[GIS] Finding clusters of one set of points around another set of points from different layer

arcgis-desktopclusteringgeoprocessing

I want to see if there is clustering of a certain type of buildings (x) around another type of buildings (y).

The two point files are in different layers.

I cannot figure out which tool I would use to do this.

Best Answer

None of the out-of-the-box tools in ArcGIS (or any other GIS, AFAIK) will do the job correctly.

In a problem like this you need to quantify what you mean by "clustering" and then you need to posit a probability model to assess whether the measured degree of clustering could have been produced by accidental chances.

As an example of how to proceed, you might choose to measure clustering in terms of typical distances between buildings of type x and the nearest building of type y. This is an easy calculation: simply represent both sets of buildings by separate point layers and perform a spatial join of the Y's to the X's. The attribute table, which still has one record for each type x building, will now include the distance to the nearest y. You could use the average distance as your measure.

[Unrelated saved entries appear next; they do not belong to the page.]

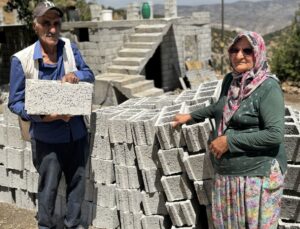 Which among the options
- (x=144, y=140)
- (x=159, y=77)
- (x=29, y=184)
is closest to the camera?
(x=144, y=140)

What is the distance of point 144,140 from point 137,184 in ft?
1.48

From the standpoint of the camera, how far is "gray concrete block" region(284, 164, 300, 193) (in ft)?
10.00

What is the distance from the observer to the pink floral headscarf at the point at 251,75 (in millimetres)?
2234

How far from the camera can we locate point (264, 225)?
2416 mm

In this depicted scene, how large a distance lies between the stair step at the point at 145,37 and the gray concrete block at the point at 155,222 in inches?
346

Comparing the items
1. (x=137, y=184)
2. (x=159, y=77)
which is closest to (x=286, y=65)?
(x=159, y=77)

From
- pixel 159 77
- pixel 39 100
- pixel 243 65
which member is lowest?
pixel 159 77

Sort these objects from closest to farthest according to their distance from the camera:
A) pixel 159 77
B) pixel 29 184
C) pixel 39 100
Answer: pixel 39 100, pixel 29 184, pixel 159 77

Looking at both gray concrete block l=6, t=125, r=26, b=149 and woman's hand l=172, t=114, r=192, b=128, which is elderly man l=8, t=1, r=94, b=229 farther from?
gray concrete block l=6, t=125, r=26, b=149

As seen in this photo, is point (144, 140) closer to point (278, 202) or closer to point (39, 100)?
point (39, 100)

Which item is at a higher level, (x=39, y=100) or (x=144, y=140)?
(x=39, y=100)

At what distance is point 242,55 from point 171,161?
4.44 feet

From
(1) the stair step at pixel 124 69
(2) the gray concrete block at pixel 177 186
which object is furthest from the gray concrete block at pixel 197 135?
(1) the stair step at pixel 124 69

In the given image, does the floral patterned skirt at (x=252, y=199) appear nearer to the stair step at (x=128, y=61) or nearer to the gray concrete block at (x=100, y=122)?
the gray concrete block at (x=100, y=122) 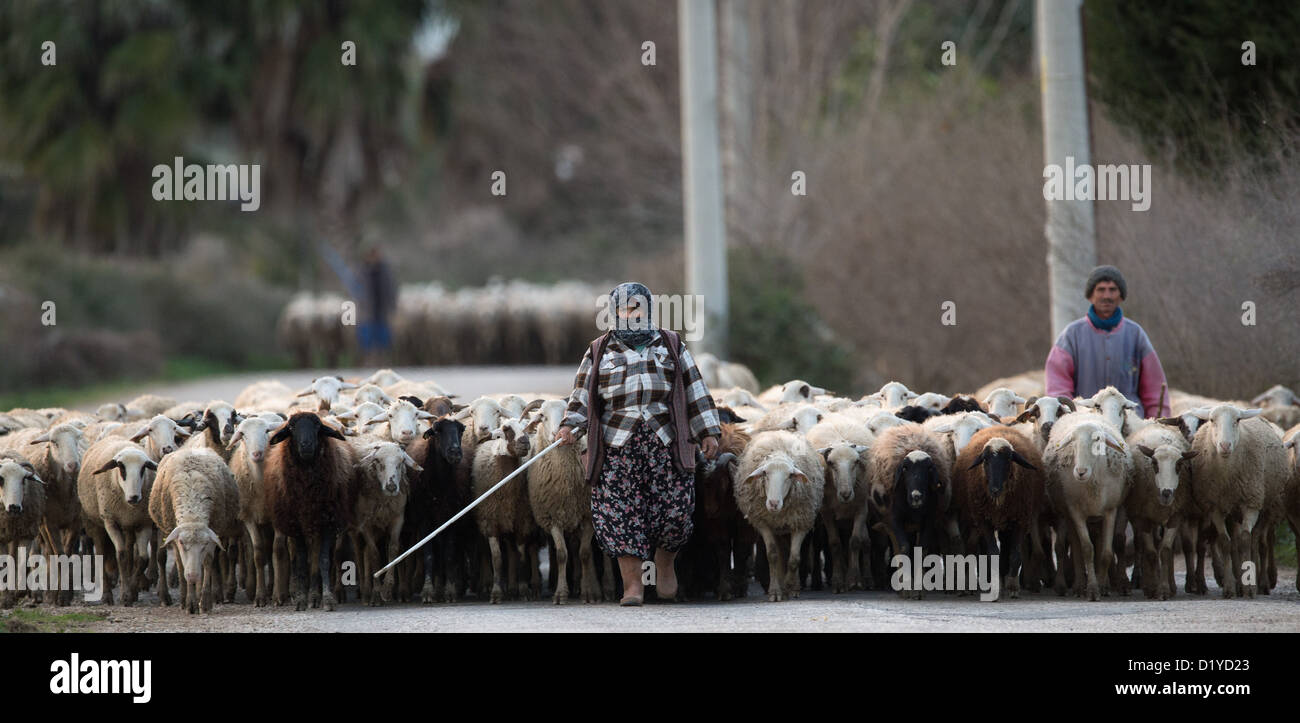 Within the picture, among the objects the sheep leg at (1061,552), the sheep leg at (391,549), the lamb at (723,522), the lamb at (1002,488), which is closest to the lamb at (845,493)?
the lamb at (723,522)

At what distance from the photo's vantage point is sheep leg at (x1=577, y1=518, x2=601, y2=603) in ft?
36.9

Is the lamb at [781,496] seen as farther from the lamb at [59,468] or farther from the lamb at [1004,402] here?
the lamb at [59,468]

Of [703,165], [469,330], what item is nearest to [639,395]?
[703,165]

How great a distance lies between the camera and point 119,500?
38.2 ft

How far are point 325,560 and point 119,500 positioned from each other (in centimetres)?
171

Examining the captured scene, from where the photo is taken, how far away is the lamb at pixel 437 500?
1161 centimetres

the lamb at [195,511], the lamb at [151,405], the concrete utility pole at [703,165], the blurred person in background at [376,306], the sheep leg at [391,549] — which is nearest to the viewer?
the lamb at [195,511]

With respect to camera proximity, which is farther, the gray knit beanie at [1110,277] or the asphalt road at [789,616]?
the gray knit beanie at [1110,277]

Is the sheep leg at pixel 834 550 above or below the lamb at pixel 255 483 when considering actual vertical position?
below

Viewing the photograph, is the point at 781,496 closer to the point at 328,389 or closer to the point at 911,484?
the point at 911,484

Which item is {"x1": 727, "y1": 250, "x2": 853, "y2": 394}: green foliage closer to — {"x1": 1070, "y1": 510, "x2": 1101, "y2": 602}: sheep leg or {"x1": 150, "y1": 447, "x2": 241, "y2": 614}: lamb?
{"x1": 1070, "y1": 510, "x2": 1101, "y2": 602}: sheep leg

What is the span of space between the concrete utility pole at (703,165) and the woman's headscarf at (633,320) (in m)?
9.85

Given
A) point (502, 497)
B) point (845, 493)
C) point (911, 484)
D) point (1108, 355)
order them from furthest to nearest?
point (1108, 355) < point (502, 497) < point (845, 493) < point (911, 484) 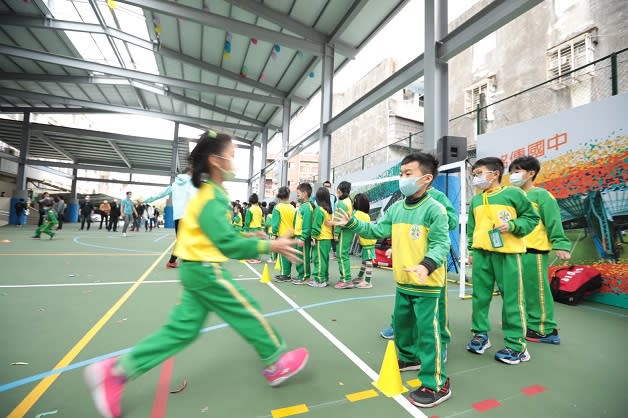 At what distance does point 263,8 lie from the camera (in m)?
9.66

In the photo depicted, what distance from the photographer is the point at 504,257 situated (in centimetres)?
260

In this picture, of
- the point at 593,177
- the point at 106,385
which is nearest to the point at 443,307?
the point at 106,385

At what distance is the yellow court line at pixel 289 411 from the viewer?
1.64m

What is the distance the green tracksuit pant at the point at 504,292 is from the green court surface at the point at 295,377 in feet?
0.73

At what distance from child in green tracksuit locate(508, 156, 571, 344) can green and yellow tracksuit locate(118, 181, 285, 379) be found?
102 inches

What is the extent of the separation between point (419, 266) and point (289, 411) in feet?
3.55

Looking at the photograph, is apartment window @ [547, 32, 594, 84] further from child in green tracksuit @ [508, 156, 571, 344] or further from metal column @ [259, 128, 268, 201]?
metal column @ [259, 128, 268, 201]

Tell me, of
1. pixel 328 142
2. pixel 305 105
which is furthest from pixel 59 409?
pixel 305 105

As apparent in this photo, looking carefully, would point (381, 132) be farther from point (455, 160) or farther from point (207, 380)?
point (207, 380)

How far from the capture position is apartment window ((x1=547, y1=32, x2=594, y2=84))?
416 inches

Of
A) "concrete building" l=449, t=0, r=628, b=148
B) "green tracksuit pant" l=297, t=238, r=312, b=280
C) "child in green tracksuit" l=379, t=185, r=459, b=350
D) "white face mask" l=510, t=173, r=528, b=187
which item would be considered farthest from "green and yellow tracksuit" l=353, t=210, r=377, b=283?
"concrete building" l=449, t=0, r=628, b=148

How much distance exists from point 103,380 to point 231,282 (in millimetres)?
779

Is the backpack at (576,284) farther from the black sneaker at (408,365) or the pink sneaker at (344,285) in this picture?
the black sneaker at (408,365)

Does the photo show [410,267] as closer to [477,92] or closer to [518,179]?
[518,179]
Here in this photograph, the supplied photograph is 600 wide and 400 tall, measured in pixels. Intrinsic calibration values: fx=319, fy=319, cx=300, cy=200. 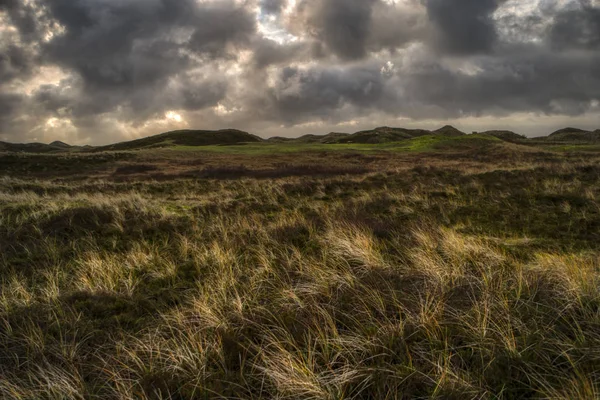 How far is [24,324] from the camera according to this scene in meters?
3.92

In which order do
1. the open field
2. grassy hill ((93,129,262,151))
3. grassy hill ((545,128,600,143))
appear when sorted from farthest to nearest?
grassy hill ((93,129,262,151)) → grassy hill ((545,128,600,143)) → the open field

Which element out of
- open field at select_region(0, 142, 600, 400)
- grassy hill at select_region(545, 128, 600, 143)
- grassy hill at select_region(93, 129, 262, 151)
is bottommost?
open field at select_region(0, 142, 600, 400)

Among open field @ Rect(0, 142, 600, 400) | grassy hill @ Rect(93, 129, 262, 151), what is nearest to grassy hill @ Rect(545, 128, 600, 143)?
open field @ Rect(0, 142, 600, 400)

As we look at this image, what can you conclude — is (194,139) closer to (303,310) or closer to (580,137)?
(580,137)

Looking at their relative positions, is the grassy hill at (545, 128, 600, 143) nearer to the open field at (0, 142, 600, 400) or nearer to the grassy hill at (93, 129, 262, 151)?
the open field at (0, 142, 600, 400)

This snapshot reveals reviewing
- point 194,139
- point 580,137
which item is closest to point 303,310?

Testing whether this could be the result of chance is trickier. One plausible interpretation of this setting is that the earlier presence of y type buildings encouraged the development of x type buildings relatively close to the y's. Otherwise, we might hypothesize that the x type buildings could have been built anywhere that other buildings also appeared. This leads to the following simple permutation test. Create a point layer of all possible locations where x type buildings might have appeared. This layer could be the locations of all buildings in the area erected during the same period as the x buildings were (including the x buildings themselves, of course). Spatially join the y layer to obtain the distances to the nearest y type building. The rest of the calculation works off the attribute table: the geographic calculations are done. What you will do is repeatedly use a random number generator to take a simple random sample of all of these buildings, each sample having exactly as many elements as you have x type buildings. Compute the average distance for this sample. Repeat until you have many average-distance statistics. If almost all these randomly obtained average distances are greater than the average distance you measured for the x type buildings, you can conclude that the x's are not clustered by chance: the effect is real.

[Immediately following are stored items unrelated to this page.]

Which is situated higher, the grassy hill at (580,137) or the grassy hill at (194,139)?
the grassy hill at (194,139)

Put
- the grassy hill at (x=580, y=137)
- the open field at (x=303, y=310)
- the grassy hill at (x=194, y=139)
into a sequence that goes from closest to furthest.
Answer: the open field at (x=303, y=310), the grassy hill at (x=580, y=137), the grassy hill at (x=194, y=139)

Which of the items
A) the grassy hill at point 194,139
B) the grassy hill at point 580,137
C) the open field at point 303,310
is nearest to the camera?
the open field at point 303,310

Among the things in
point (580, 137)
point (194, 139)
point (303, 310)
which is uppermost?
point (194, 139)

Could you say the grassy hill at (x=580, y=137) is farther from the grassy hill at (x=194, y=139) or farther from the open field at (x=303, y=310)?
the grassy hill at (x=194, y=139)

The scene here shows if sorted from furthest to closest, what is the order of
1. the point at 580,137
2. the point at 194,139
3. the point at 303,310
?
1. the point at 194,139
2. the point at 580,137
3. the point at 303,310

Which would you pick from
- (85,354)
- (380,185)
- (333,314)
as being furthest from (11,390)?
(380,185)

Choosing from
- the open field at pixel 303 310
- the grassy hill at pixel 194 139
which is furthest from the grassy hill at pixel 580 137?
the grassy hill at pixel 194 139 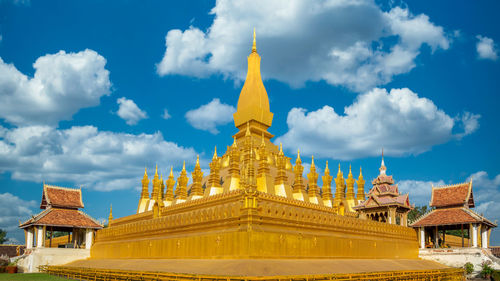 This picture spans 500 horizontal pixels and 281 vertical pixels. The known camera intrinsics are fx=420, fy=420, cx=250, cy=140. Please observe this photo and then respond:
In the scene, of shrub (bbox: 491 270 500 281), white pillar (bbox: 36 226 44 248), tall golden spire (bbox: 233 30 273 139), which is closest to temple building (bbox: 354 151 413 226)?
shrub (bbox: 491 270 500 281)

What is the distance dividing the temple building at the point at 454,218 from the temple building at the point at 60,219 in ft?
79.2

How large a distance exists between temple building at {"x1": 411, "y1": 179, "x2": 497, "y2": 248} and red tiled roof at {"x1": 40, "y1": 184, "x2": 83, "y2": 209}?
26040mm

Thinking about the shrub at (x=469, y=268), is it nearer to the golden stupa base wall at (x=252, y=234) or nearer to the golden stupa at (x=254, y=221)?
the golden stupa at (x=254, y=221)

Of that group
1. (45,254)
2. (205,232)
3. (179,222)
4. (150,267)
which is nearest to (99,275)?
(150,267)

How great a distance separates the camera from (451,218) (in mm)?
27734

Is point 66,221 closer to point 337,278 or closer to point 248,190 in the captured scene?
point 248,190

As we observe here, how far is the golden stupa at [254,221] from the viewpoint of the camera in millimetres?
16000

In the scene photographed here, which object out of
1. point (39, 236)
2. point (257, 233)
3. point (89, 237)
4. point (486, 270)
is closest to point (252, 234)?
point (257, 233)

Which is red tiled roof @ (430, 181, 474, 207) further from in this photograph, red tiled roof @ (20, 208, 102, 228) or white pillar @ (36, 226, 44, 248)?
white pillar @ (36, 226, 44, 248)

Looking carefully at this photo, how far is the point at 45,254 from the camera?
98.0ft

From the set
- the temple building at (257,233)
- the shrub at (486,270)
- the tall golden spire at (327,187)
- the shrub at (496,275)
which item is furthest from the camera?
the tall golden spire at (327,187)

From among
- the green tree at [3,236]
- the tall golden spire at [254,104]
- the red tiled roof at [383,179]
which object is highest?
the tall golden spire at [254,104]

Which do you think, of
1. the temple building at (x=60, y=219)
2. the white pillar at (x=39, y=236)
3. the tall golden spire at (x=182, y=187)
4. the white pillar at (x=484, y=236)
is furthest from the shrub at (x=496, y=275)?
the white pillar at (x=39, y=236)

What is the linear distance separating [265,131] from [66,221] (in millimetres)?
16771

(Such calculations are best programmed on a platform suited to such purposes, such as `R', but almost any computing software can be pressed into service, even Excel. The programming is very, requiring little more than knowing how to write loops and select elements from arrays at random.)

This permutation testing approach is superior to pre-programmed solutions because it explicitly accounts for the patterns of building development in this area. If you don't do this, you often will find "significant" evidence of clustering, but you can't conclude anything useful from it, because the clustering may have been caused by other factors such as the patterns of roads, the locations of sites suitable for development, and many other things.